Het is zoowel voor de meisjes als voor de leeraressen, heusch niet prettig, wanneer aan den omgang met elkander zoo op-eens een einde komt.

Hillegonda Geertruida Rinkes-Rutgers

Dan hebben wij nog onze meisjes, die voor huishoudkundige leeren en natuurlijk enkele jaren ouder dan de dagschoolleerlingen zijn.

“Zijn de jongedames van die opleiding er zeker van dat zij na haar schooltijd een goede “baan” kunnen krijgen?”

In de meeste gevallen wel. Velen van onze oud-leerlingen zijn — bijvoorbeeld — als leerares aan het huishoudonderwijs verbonden. Eén meisje staat nu aan het hoofd van de huishouding in een ziekenhuis en onder de verpleegsters zijn er, ik zou haast zeggen, talloozen, die de huishoudkundige opleiding hebben gevolgd. Mijns inziens, en dit is ook het standpunt van velen uit de ziekenhuiswereld, is ze hier ook werkelijk ideaal voor.

“Houdt u altijd contact met uw oudleerlingen?”

Dikwijls. Aan het einde van den studie-tijd vraag ik mijn meisjes of ze mij eens willen schrijven hoe het met het werk, dat ze gevonden hebben, gaat en waaruit die werkzaamheden bestaan. Gelukkig zijn er altijd veel, die aan mijn verzoek gevolg geven. Ook help ik ze wel aan werk.

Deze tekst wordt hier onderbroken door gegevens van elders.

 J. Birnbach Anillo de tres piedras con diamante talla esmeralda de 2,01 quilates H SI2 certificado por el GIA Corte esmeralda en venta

“Bent u daartoe dan in staat?”, vragen we nieuwsgierig? “Ons dunkt, iemand die je aan een baan helpt, mag je wel hoog in eere houden tegenwoordig.”

Mevrouw Rinkes lachte. Mij valt dit toch niet moeilijk. Alleen in de afgeloopen vacantie kreeg ik al meer dan vijftig verzoeken om inlichtingen over mijn meisjes, allemaal afkomstig van dames, die gebrek hadden aan goed personeel. Verder krijg ik, “tusschen de bedrijven door”, ook nog vaak brieven of telefoontjes, of ik geen geschikt meisje weet, bijvoorbeeld bij kinderen, als tweede meisje, of als hulp voor de vrouw des huizes. Den meesten vraagsters geef ik echter den raad, een advertentie te plaatsen of inlichtingen te vragen aan de Arbeidsbeurs. Tusschen deze instelling en de school bestaat dan ook, wat de meisjes betreft, een geregelde samenwerking.

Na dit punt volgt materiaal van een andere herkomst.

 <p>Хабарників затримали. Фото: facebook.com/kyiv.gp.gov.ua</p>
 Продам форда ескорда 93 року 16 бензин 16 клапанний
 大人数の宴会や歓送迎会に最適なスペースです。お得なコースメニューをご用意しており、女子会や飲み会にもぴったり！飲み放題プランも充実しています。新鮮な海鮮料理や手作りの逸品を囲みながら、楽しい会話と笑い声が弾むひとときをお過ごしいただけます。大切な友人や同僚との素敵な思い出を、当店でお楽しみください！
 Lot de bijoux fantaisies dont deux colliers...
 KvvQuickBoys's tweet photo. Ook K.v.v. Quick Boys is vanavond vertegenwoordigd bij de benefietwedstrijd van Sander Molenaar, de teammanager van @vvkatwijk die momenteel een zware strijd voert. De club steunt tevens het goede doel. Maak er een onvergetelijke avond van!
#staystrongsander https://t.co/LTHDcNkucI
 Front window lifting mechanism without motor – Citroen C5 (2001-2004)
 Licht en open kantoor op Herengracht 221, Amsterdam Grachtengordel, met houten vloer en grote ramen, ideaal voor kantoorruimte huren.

“Waarom zoeken, naar uw meening, zooveel meisjes werk op een kantoor in plaats van in een huishouding? Is dat onder den invloed van de intensieve reclame, die doorloopend door de instituten voor kantooropleiding wordt gemaakt? De scholen voor het huishoudonderwijs roeren nooit de groote trom.”

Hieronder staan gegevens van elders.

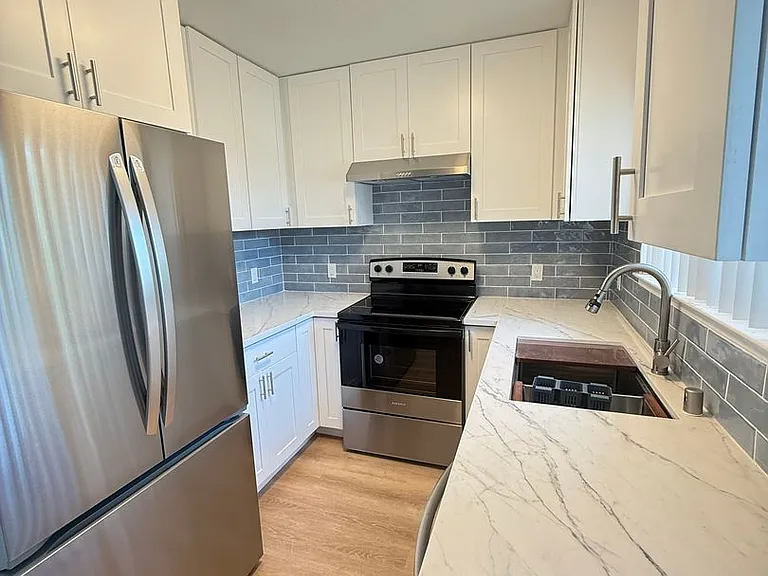 4860 Northlawn Dr — Photo 16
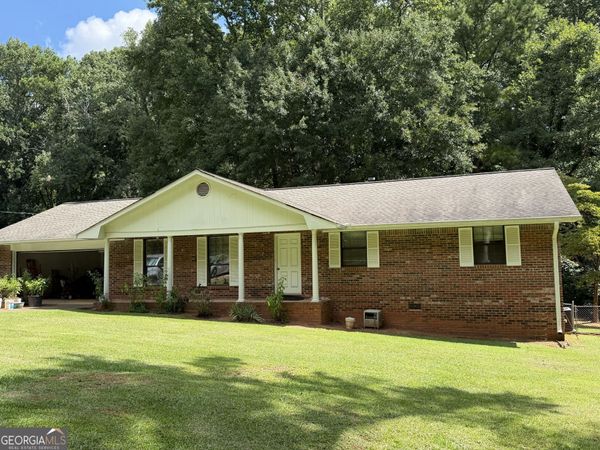 131 Meadow Ridge Drive, Stockbridge, GA 30281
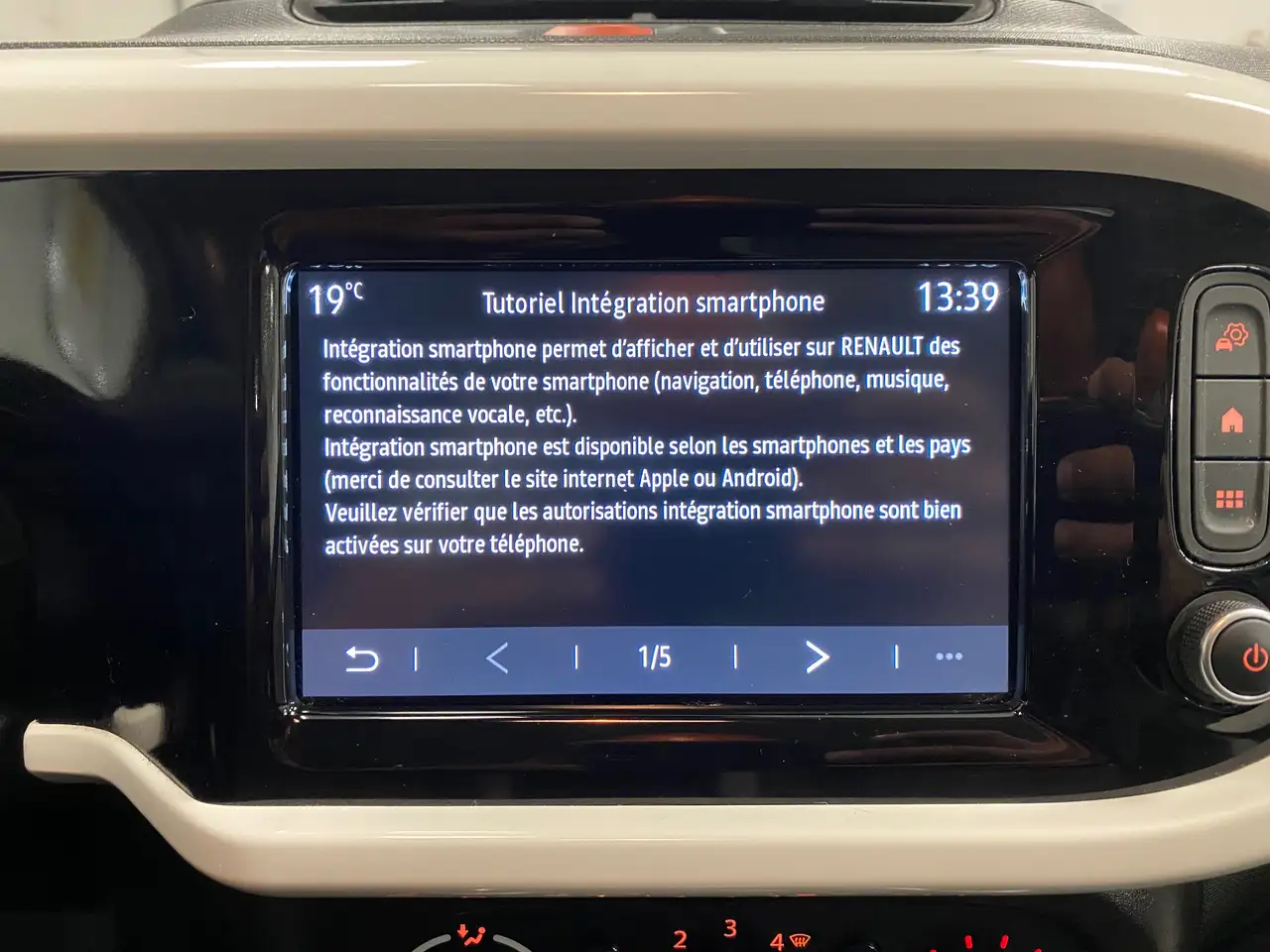 Renault Twingo 1.0i SCe Signature 1erMAIN / CARNET COMPLET / ETAT NEUF / FULL OPTIONS, миниатюра 16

Ik denk niet, dat het alleen aan de reclame ligt, hoewel die natuurlijk van niet te onderschatten invloed is. Mijns inziens schrikken echter vele meisjes er voor terug na haar schooltijd op een H.B.S., een school voor U.L.O. enz., nog weer eens twee jaren in een klas te moeten doorbrengen, voor zij het “volle leven” kunnen ingaan en zelf kunnen verdienen. De drang naar zelfstandigheid uit zich in onzen tijd al heel vroeg. De dames uit den gegoeden stand, die het ontwikkelde jonge meisje de bestiering van haar huishouding of de verzorging van haar kinderen toevertrouwen, eischen bijna altijd, behalve het schooldiploma, het diploma van een huishoudschool. Voor een gewone kantoorbetrekking hebben de meisjes echter over het algemeen op school voldoende kennis vergaard. Halen zij bovendien een diploma voor steno en voor typen, waar maar enkele maanden mee gemoeid zijn, dan komen zij al een heel eind. Voor andere diploma’s, handelscorrespondentie bijvoorbeeld, kunnen zij gemakkelijk in de vrije avonduren werken. Het feit, dat zij deze lessen met het eigen verdiende geld kunnen bekostigen en dan ook voor haar kleeren en “uitgangetjes” niet meer de hand bij vader en moeder behoeven te houden, is voor menig meisjes van veel beteekenis. Zij zijn, in zekere mate, zelfstandig en onafhankelijk, maar dat het ook in de veel-begeerde kantooromgeving niet alles goud is wat blinkt, ondervinden zij gauw genoeg in de practijk. Veel van deze jongedames — uitzonderingen daargelaten — zullen dan ook, na enkele jaren deze “drogen” arbeid gedaan te hebben, wel eens spijt hebben, dat zij niet toch maar de huishoudschool hebben gekozen.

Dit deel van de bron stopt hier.